Councillor Jonathan Wiebe wanted to know if the proposed development would comprise only Habitat for Humanity units or if there would be units sold at market value as well.
“It could be either,” said Woodcock. “We have taken partial units within a grander scope…however we also have examples of full buildings that are all Habitat run and operated. We have different models that we can leverage so this can all be part of the discussion.”
Councillor Nancy Alcock wondered how Habitat’s sweat-equity model would work with a multi-unit building, while Councillor Det Schumacher was concerned about maintenance and ensuring that the building wouldn’t deteriorate over time.

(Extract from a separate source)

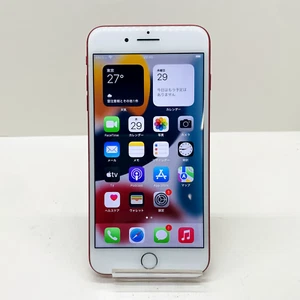 iPhone 7Plus 128 GB Red Unlocked SIM free Battery 100% Confirmed Operation 311 - Picture 1 of 7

“Each of our partner families do have to provide 500 hours of sweat equity and those can be on a build site, but it’s important to remember that they can be directed other places like the ReStore where volunteer hours are always gratefully received,” said Woodcock, adding that they look for appropriate opportunities in the build process that are volunteer friendly, but skilled labourers are used for the remainder of the work. As for maintenance, she said that a condo association model could be one way to ensure that funds were set aside for that purpose.
Woodcock also reminded councillors that Habitat homes are not free—potential partner families must apply and their ability to pay a mortgage is one of the considerations. “We have a financial structure that allows people access to purchase a home without the down payment that’s required, the $10,000 let’s say that people would have to have in the bank otherwise. Our mortgages are interest-free and we may also extend the amortization period of the mortgage beyond the normal 25 years. We make those considerations in order to get somebody on the property ladder but we are not offering housing to people who do not have a job. There is a strict financial application that goes with our process and if the community understands that houses are appropriate for people who are working in the tourism industry, people who are working in customer service, working as construction labourers—people who hold full-time jobs who work hard but just don’t have the ability to break the paycheque to paycheque cycle.”
Town staff were directed to investigate potential municipal lands that would accommodate the development and report back with options. Their investigation would include the property discussed during the meeting.